Today, the Society for Pediatric Dermatology celebrates its 34th Annual Pre-American Academy of Dermatology (Pre-AAD) meeting in Boston. The meeting brings together some of the most important voices in pediatric dermatology as they discuss recent advances in the field.
This is the first in-person pre-AAD meeting since the onset of the COVID-19 pandemic.
In an interview with HCPLive, Elena B. Hawryluk, MD, PhD, member of the Society for Pediatric Dermatology and associate professor of dermatology at Harvard Medical School, spoke about the conversations that take place at the meeting and how they can inform dermatological research outside the pediatric field.
HCPLive: This year marks the 34th annual pre-AAD meeting of the Society for Pediatric Dermatology. Could you talk about the purpose of this meeting, its various successes over the years, and some of the conversations that will take place this year?
Dr Hawryluk: We are excited to return to a live meeting format, the SPD’s first live meeting event since the pandemic! This year, we welcome our SPD members to New England with regional experts. The pre-AAD meeting provides an opportunity to bring our members together and is a popular time to discuss multi-site research and organizational efforts. It also provides a forum for the recruitment and engagement of Dermatology and Pediatric Residents and Pediatric Dermatology Fellows. The pre-AAD meeting allows us to showcase our adjacent subspecialty at the AAD event and expose others to our wonderful field!
HCPLive: You will facilitate a session during the meeting on difficult pigmented lesions. What are some of the skin diseases associated with these types of lesions and how do they differ from traditional lesions?

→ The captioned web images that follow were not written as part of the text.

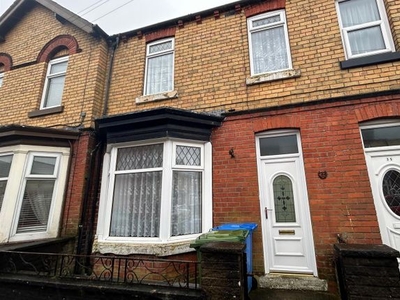 Terraced house to rent in Britannia Street, Scarborough YO12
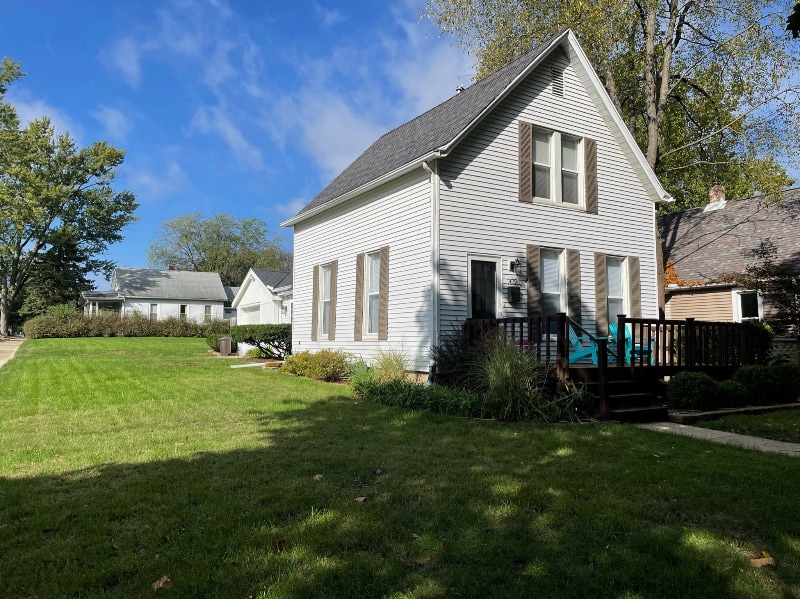 1402 Fell Ave in Bloomington, IL - Building Photo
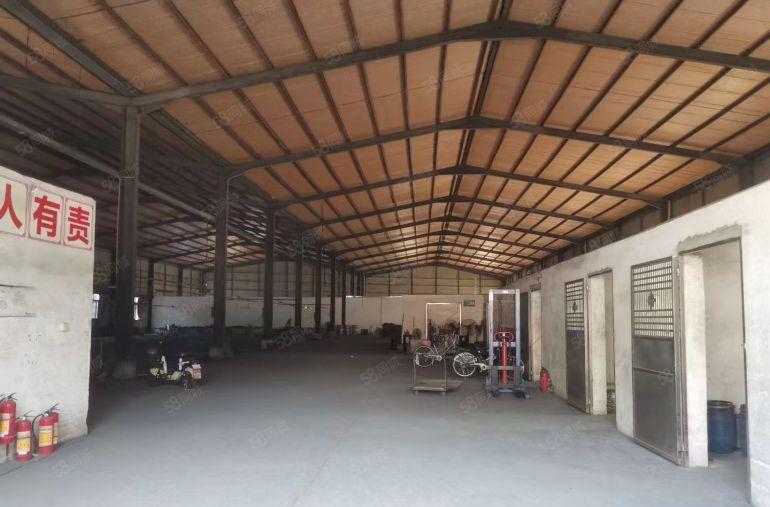 原房东小独院钢构2000平，可做机械注塑球馆等各行业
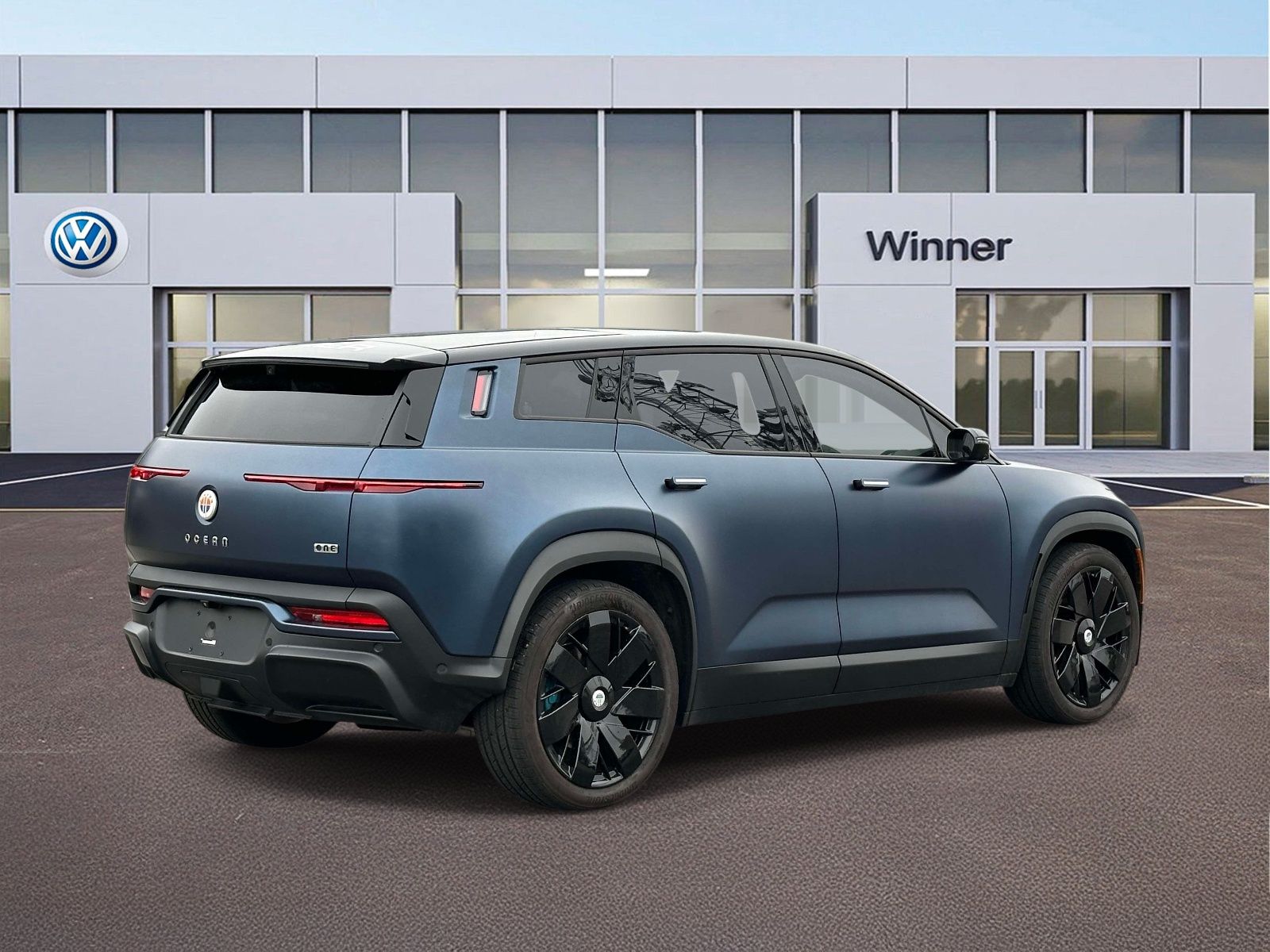 View vehicle photo 4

Dr Hawryluk: In pediatric dermatology, we often see patients with very unusual looking skin lesions and are faced with questions about when to biopsy and how to interpret diagnostic tests that have not been well characterized for pediatric use. There are also unique lesions with specific considerations for the pediatric population, such as congenital nevi and Spitz nevi, and specific pediatric needs for patients with melanoma.
HCPLive: What are some of the diagnostic challenges of pigmented skin lesions? How do these lesions manifest in pediatric populations and perhaps on colored skin?
Dr Hawryluk: Childhood is a time when new pigmented lesions appear on the skin, which develop naturally as patients grow older. This is important because a new growing lesion would otherwise be of concern for adult patients, so we rely on other evolutionary clues! Certain patient populations are at risk for distinct types of melanoma; for example, there is an increased appreciation of spitzoid melanoma in Hispanic patients, and acral melanomas are more common in Asian and African skin than in Caucasian skin, so pediatric dermatology visits may also involve education about changes to look for.
HCPLive: In general, how has pediatric dermatology evolved in recent years? What changes developed from the conversations that took place at the SPD pre-AAD meeting?
Dr Hawryluk: Pediatric dermatology continues to evolve with growth and the attraction of new trainees! The SPD Pre-AAD meeting is a fantastic opportunity to provide exposure, education and social connection – it is a time when interested trainees connect with new mentors and fellowship directors. Another important development is the growth of the Pediatric Dermatology Research Alliance (PeDRA), which has fostered collaborative opportunities across the country and the world to promote research in pediatric skin diseases.
HCPLive: In what ways can the AAD and other dermatology conferences expand their reach to include pediatric dermatology studies? How could studies in pediatric dermatology evolve in the years to come?
Dr Hawryluk: Pediatric dermatology has a vital presence at the AAD and other dermatology conferences, as most dermatologists see patients of all ages in their practices! Pediatric dermatology presentations can provide valuable education and management updates on best practices for the care of the youngest patients. Pediatric studies will continue to evolve to take advantage of larger multi-site cohorts and expert consensus, particularly with the efforts of the Pediatric Dermatology Research Alliance (PeDRA). The future of pediatric dermatology is bright for promising new drugs for eczema, vitiligo, psoriasis and many skin diseases affecting children.